In this notebook we use back traslation techniques to augment our data.

## Packages import

In [1]:
!pip install transformers==4.1.1 sentencepiece==0.1.94



In [2]:
!pip install mosestokenizer==1.1.0



In [3]:
# import the MarianMT model and tokenizer.
from transformers import MarianMTModel, MarianTokenizer

# import pandas and numpys
import pandas as pd
import numpy as np

## Models from english to Romance languages and back

In [4]:
# model that can translate from English to Romance languages
# this is a single model that can translate to any of the romance languages

target_tokenizer = MarianTokenizer.from_pretrained('Helsinki-NLP/opus-mt-en-ROMANCE')
target_model = MarianMTModel.from_pretrained('Helsinki-NLP/opus-mt-en-ROMANCE')

Some weights of MarianMTModel were not initialized from the model checkpoint at Helsinki-NLP/opus-mt-en-ROMANCE and are newly initialized: ['lm_head.weight']
You should probably TRAIN this model on a down-stream task to be able to use it for predictions and inference.


In [5]:
# initialize models that can translate Romance languages to English.

en_tokenizer = MarianTokenizer.from_pretrained('Helsinki-NLP/opus-mt-ROMANCE-en')
en_model = MarianMTModel.from_pretrained('Helsinki-NLP/opus-mt-ROMANCE-en')

Some weights of MarianMTModel were not initialized from the model checkpoint at Helsinki-NLP/opus-mt-ROMANCE-en and are newly initialized: ['lm_head.weight']
You should probably TRAIN this model on a down-stream task to be able to use it for predictions and inference.


## Available languages

Below is a full list of available languages.
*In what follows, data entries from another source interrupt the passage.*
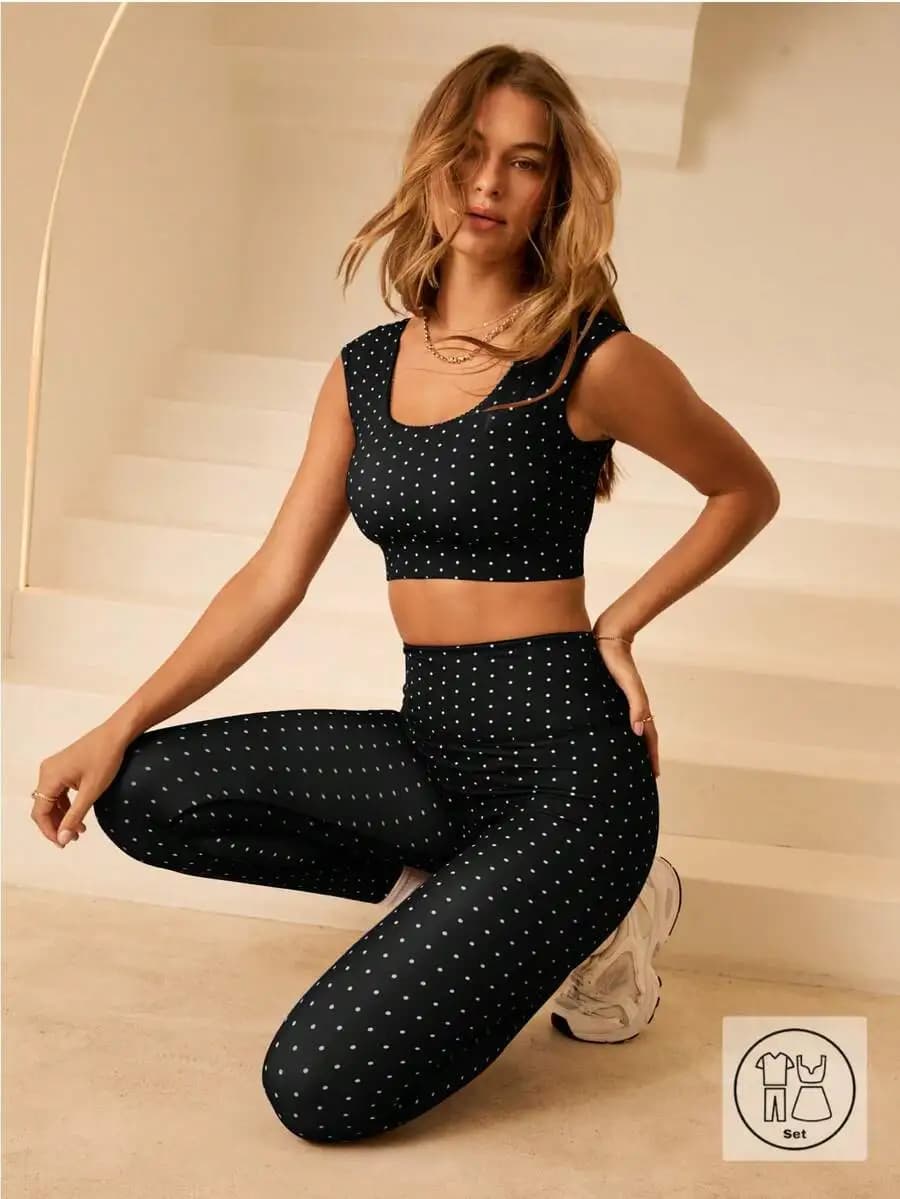 Top corto con stampa a pois e leggings a vita alta, set da allenamento in due pezzi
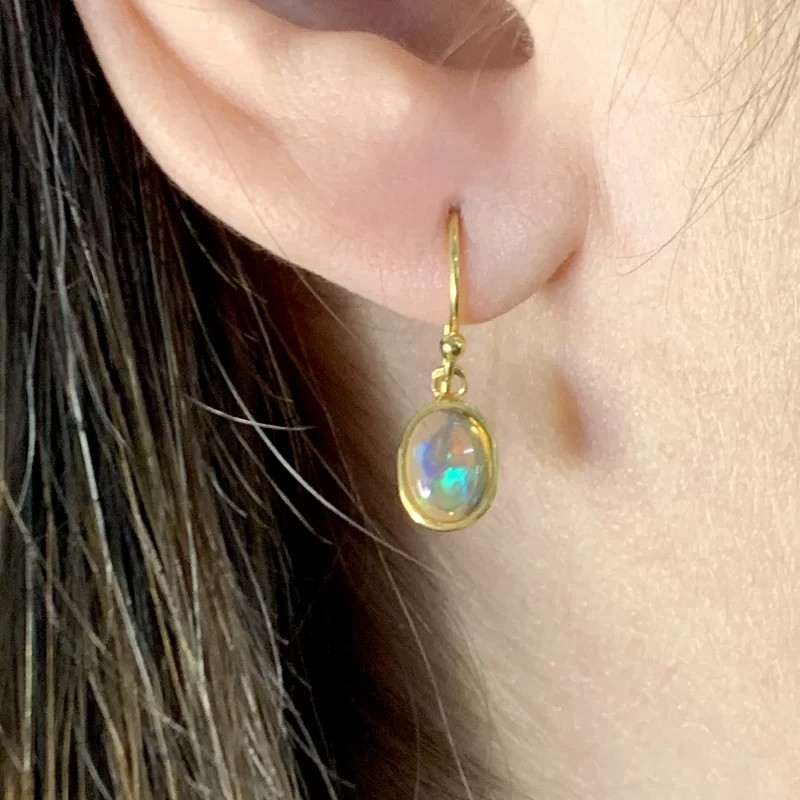 Cercei Argint 925 Auriti Opal Natural - Stil si Stralucire Delicata
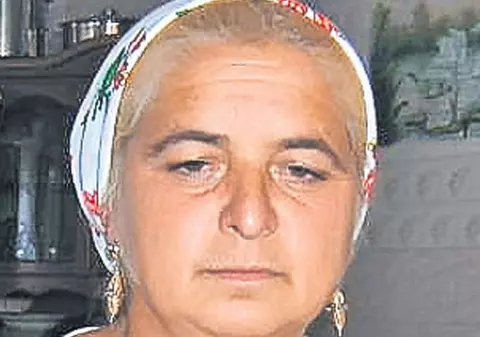 Mătușa lui Leo de la Strehaia, «călcată» iar de mascați!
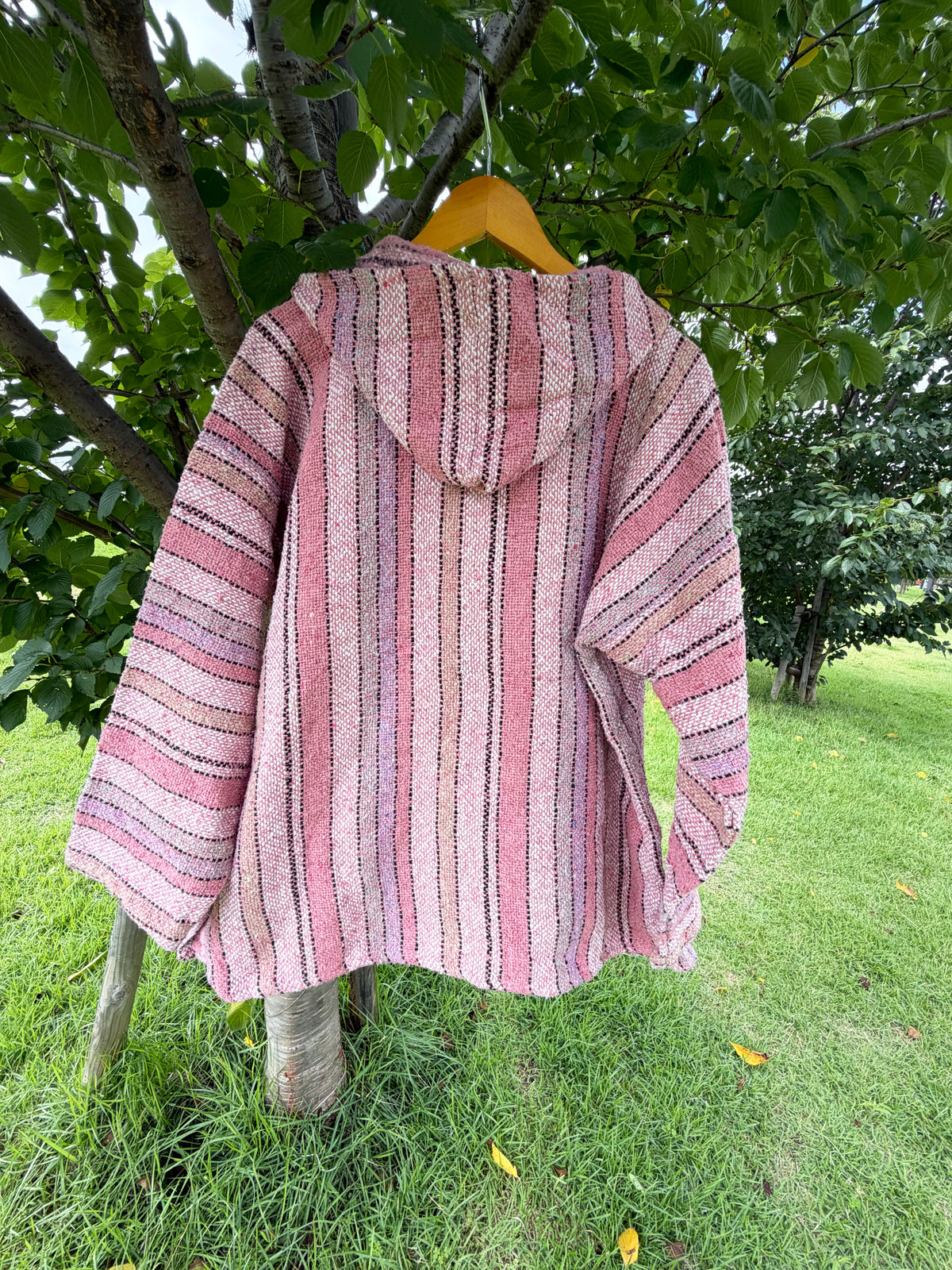 Baja Sol Pink Multi Stripe Baja Hoodie (size men's XL)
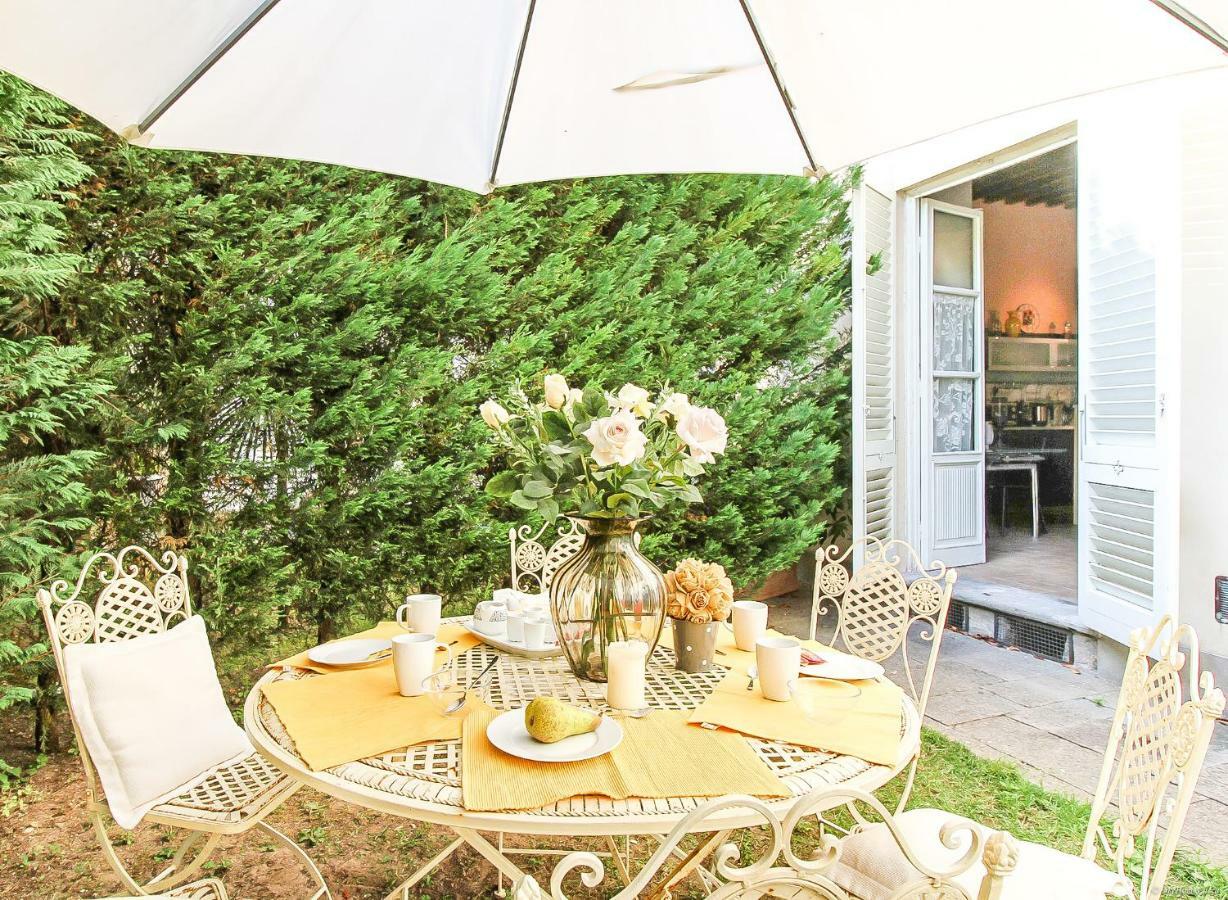 Apartment Guinigi With Private Courtyard Lucca Bagian luar foto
The most relevant are: 

French(fr), Spanish(es), Italian(it), Portuguese(pt), Romanian(ro), Galician(gl), Sardinian(sn), Corsican(co), and many others including spanish from Spain and Latin America.

In [6]:
# available languages
target_tokenizer.supported_language_codes

['>>fr<<',
 '>>es<<',
 '>>it<<',
 '>>pt<<',
 '>>pt_br<<',
 '>>ro<<',
 '>>ca<<',
 '>>gl<<',
 '>>pt_BR<<',
 '>>la<<',
 '>>wa<<',
 '>>fur<<',
 '>>oc<<',
 '>>fr_CA<<',
 '>>sc<<',
 '>>es_ES<<',
 '>>es_MX<<',
 '>>es_AR<<',
 '>>es_PR<<',
 '>>es_UY<<',
 '>>es_CL<<',
 '>>es_CO<<',
 '>>es_CR<<',
 '>>es_GT<<',
 '>>es_HN<<',
 '>>es_NI<<',
 '>>es_PA<<',
 '>>es_PE<<',
 '>>es_VE<<',
 '>>es_DO<<',
 '>>es_EC<<',
 '>>es_SV<<',
 '>>an<<',
 '>>pt_PT<<',
 '>>frp<<',
 '>>lad<<',
 '>>vec<<',
 '>>fr_FR<<',
 '>>co<<',
 '>>it_IT<<',
 '>>lld<<',
 '>>lij<<',
 '>>lmo<<',
 '>>nap<<',
 '>>rm<<',
 '>>scn<<',
 '>>mwl<<']

## Helper functions to translate in batch

In [7]:
def translate(texts, model, tokenizer, language="fr"):
    # Prepare the text data into appropriate format for the model
    template = lambda text: f"{text}" if language == "en" else f">>{language}<< {text}"
    src_texts = [template(i) for i in texts]

    # Tokenize the texts
    encoded = tokenizer.prepare_seq2seq_batch(src_texts,return_tensors="pt")
    
    # Generate translation using model
    translated = model.generate(**encoded)

    # Convert the generated tokens indices back into text
    translated_texts = tokenizer.batch_decode(translated, skip_special_tokens=True)
    
    return translated_texts


In [8]:
def back_translate(texts, source_lang="en", target_lang="fr"):
    # Translate from source to target language
    fr_texts = translate(texts, target_model, target_tokenizer, 
                         language=target_lang)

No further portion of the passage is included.